Tuesday 18 Jun. 2019
Dance recital, piano concerto, baby shower, wedding, graduation, birthday, holidays – this time of year is packed with celebrations of all kinds. In the midst of numerous culminating events everyone is putting their best foot and largest spread forward. While this may be exciting, and fill up your social calendar, there are lots of opportunities to stray from your typical clean-eating regimen.
According to a study conducted by the Mayo Clinic, there can be negative effects on unhealthy food choices during party season. On average, party-goers consume a whole day’s worth of calories during these events. The high-fat, high-salt load might temporarily increase blood pressure and lipids in the blood, but if you’re healthy, you should be able to recover without much difficulty. However, if you have heart disease or diabetes, it can be even more serious. And whether you are healthy or not, overeating can lead to weight gain, especially around your middle, which can increase your risk of heart disease and diabetes.
So how do you eat sensibly at parties?
The boiler plate response to the age-old question is, “Eat before you go.” But, for real? Has that ever worked for anyone? Whenever I do it, I end up eating twice: once before I go and again after I get there.
Here are some tips that you can actually apply to your summer social line-up:
1. According to Jay Williams, Ph.D., as soon as the invitation arrives, announce you are bringing your favorite dish. Don’t ask, “What can I bring?” The answer is always “Nothing” or “A bottle of wine.” Bring a healthy dish you love, and put that on your plate first. Pro tip: Be a party all-star by bringing a clean-eating dish. I guarantee you are not the only person trying to make good food choices.

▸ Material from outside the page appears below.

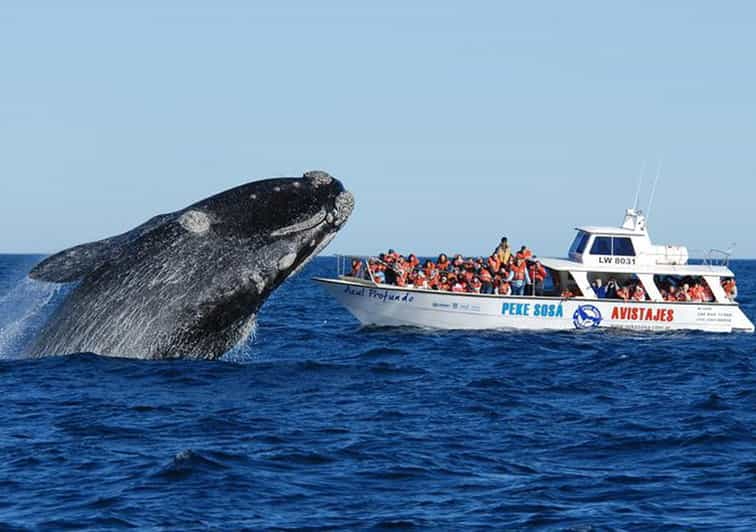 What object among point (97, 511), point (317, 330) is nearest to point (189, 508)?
point (97, 511)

2. Absolutely no napkin eating. Be civilized and use a plate. Smaller portions make a big difference. The plate is a great visual of everything you are eating. To help prevent overindulging, survey the food before filling your plate. Walk around to see what’s available. Start with a salad or veggies. Pro tip: If your paper plate droops, you’re eating too much.
3. Don’t go to the event starving. Consciously or unconsciously “calorie banking” (saving calories for later) always backfires. Eat something before you go – even if it is just a slice of peanut butter toast. Pro tip: In a crunch for time? Grab a healthy snack and bring it in your purse or car.

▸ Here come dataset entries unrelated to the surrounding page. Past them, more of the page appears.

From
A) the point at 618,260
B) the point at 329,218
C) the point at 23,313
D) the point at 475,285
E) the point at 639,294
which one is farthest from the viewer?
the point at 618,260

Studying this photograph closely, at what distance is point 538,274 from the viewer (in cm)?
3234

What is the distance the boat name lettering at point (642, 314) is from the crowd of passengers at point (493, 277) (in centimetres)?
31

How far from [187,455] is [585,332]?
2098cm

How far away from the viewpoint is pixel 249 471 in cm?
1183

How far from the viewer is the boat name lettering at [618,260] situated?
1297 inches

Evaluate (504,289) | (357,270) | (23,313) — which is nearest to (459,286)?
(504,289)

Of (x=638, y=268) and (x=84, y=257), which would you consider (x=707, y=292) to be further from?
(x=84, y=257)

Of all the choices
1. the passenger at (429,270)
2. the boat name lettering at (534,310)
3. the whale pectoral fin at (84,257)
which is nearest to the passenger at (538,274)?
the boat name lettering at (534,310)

4. Step away from the food table. Find someone across the room to chat with. If you don’t know anyone, here is your opportunity to make a new friend. This will help prevent you from refilling your plate with unhealthy foods. Pro tip: Keep the buffet table out of sight. Simply seeing appetizing food is all it may take to tempt you to overeat.
5. Frances Largeman-Roth, RDN, suggests “be choosy with your boozy.” Alcohol is usually what does most of us in calorically. Avoid signature drinks or punch. Sugary cocktails can make you hungrier later on thanks to the huge spike in blood sugar they create. Using sugar-free mixers isn’t the solution (they make you inebriated faster). Stick with beer, wine and straight up liquor with seltzer. And make sure you follow the 1:1 rule. One alcoholic drink per hour, followed by a tall glass of water. Your liver can only process one drink per hour. Here’s a cheat sheet for standard drinks:
5 ounces of red or white wine = 125 calories
12 ounces of beer = 153 calories
12 ounces of light beer = 105 calories
5 ounces of Champagne: 110 calories
4 ounces of port = 180 calories
Pro tip: Carry around a glass of water. There is only so much food you can eat with one free hand!
No matter what strategy you employ, remember the reason for the celebration to begin with. Enjoy the company more than the food. Connect with people, share something interesting and learn something new about a guest. Always have a second-grade-appropriate knock-knock joke ready to go!
(Crystal Reynolds is an owner at 43 Degrees North Athletic Club.)